Come è nato il titolo «Il poeta che non sa parlare?»

«A scuola, una professoressa delle medie mi disse: tu sei un poeta che non sa parlare, arrivi al cuore anche quando ti esprimi male. Quella frase mi è rimasta impressa e ho deciso di utilizzarla come titolo del disco, del libro e, naturalmente, anche del tour musicale. L’italiano era la mia lingua straniera, in casa con i miei meravigliosi genitori parlavo il dialetto».

Cosa rappresenta Nino D’Angelo nel panorama musicale italiano?

«Un cantante che ha fatto la rivoluzione negli anni ‘80 nella canzone napoletana. Venivo considerato l’erede di Mario Merola, della sceneggiata: lui stesso aveva fatto il mio nome. Era troppo grande per me. È stato difficile uscire da questo cliché ma ci sono riuscito. Ricordo che ci fu una colletta in famiglia per realizzare il primo disco e io stesso andavo a venderlo e così arrivò il successo grazie alla gente che mi ha sempre amato. Certo ognuno ha i propri gusti ma ci fu, all’epoca, un razzismo musicale nei miei confronti. Grazie a quel caschetto biondo, a quel look la gente si accorse di me. Il successo con “Nu jeans e ‘na maglietta” fece conoscere a tutti il pop napoletano. E arrivarono anche i musicarelli. Poi, con la morte dei miei genitori e la depressione, mi sono “tolto” il caschetto; con Goffredo Fofi giunse lo sdoganamento da parte di una certa critica. Oggi sto vivendo un momento molto bello della mia carriera artistica; c’è stata un’evoluzione: i ragazzi mi seguono con passione, dietro ai miei dischi c’è il lavoro di mesi».

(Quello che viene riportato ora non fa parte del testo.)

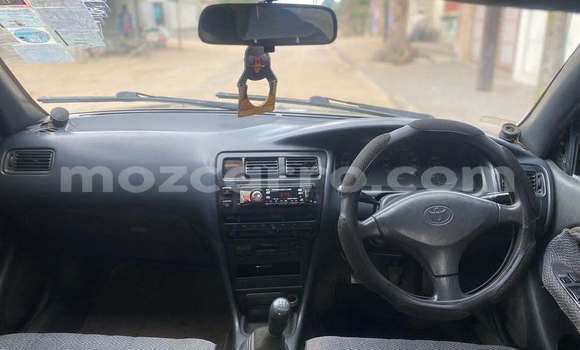Comprar Usado Toyota Corolla De outros Carro em Macia em Gaza Comprar Usado Toyota Corolla De outros Carro em Macia em Gaza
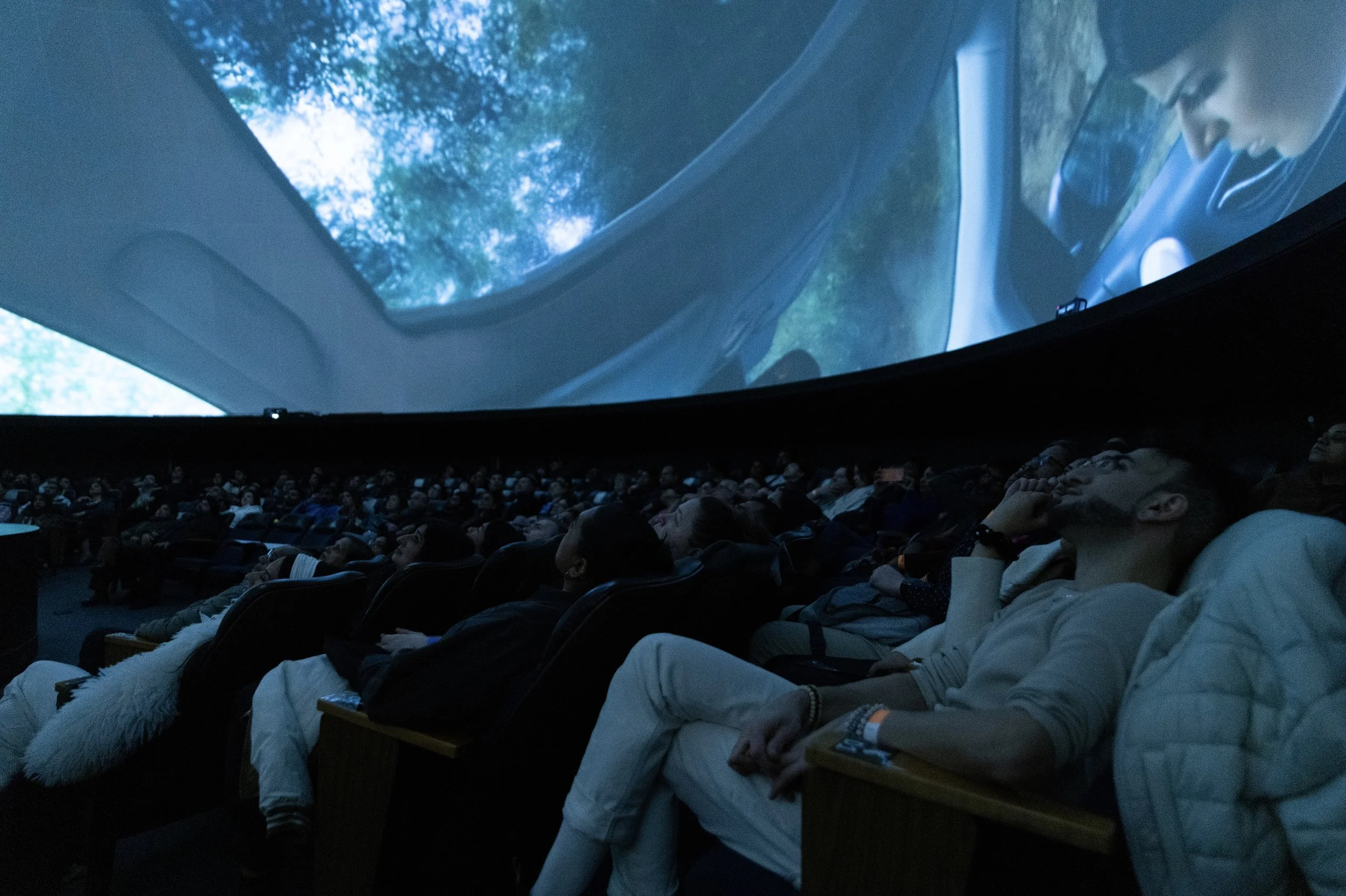 Screen Shot 2026-03-12 at 12.58.52 PM.jpg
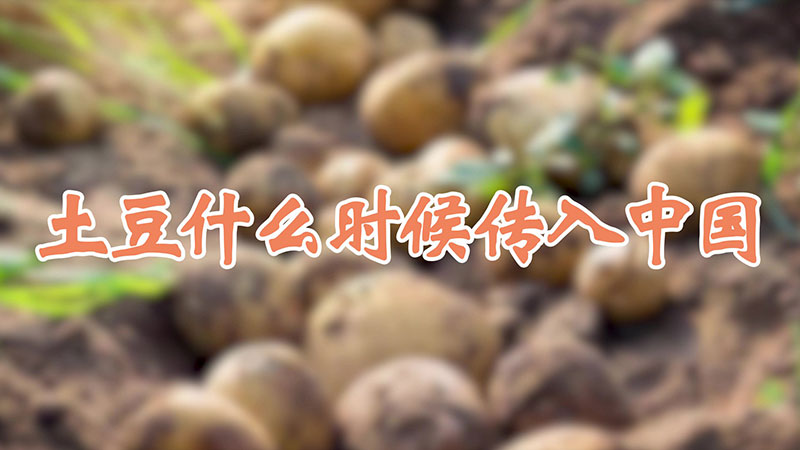 土豆什麼時候傳入中國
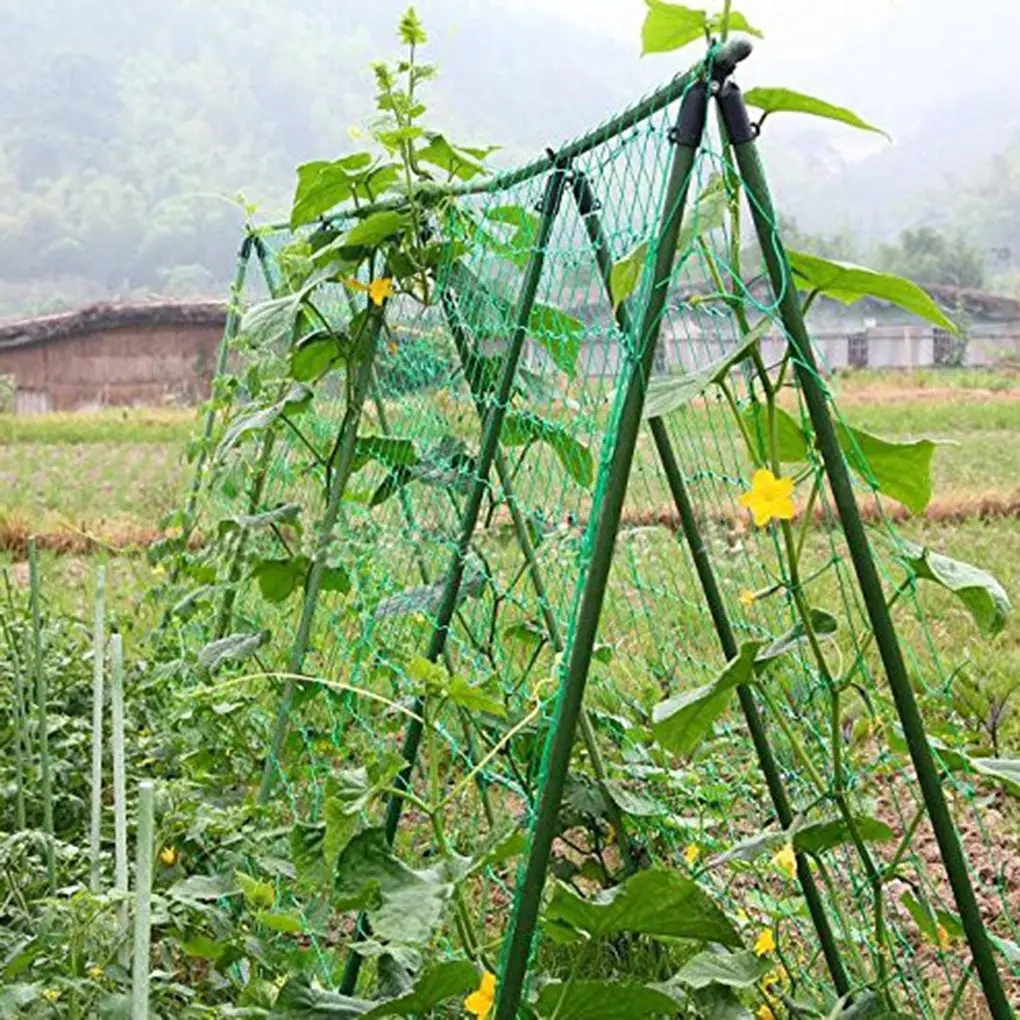 Садовые зеленые овощи растение решетчатая сетка Поддержка растений скалолазание выращивание забор Садовые принадлежности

Come si sviluppa lo spettacolo?

«Due ore piene di musica. Ma c’è spazio anche al racconto di aneddoti contenuti nel libro. Nella scaletta ci sarà il Nino D’Angelo di oggi e quello degli anni ‘80».

C’è una canzone a cui lei è particolarmente legato?

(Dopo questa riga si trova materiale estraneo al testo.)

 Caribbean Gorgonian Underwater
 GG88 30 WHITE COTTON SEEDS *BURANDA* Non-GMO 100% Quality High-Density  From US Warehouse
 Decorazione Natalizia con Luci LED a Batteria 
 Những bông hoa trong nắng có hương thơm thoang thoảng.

«La risposta è facile: “Nu jeans e ‘na maglietta”. Ha risolto tanti problemi della mia famiglia. Sono molto legato a “Senza giacca e cravatta” (presentato al Festival di Sanremo nel 1999, ndr), un pezzo autobiografico. In questa canzone c’è tutta la mia vita, ci sono io».

Ha ricordi di Parma?

«Ci sono venuto perché ho dei parenti. E poi a vedere il Napoli. Una bella città. Ho sempre sognato di cantare al Teatro Regio. In passato forse non mi avrebbero neppure fatto entrare».

Progetti per il futuro?

«Il tour è andato molto bene. È stato un grande successo, per certi versi inaspettato. Valuteremo se riprenderlo nel prossimo autunno. Con orgoglio, posso dire che il Nino d’oggi, dal vivo, piace molto al pubblico».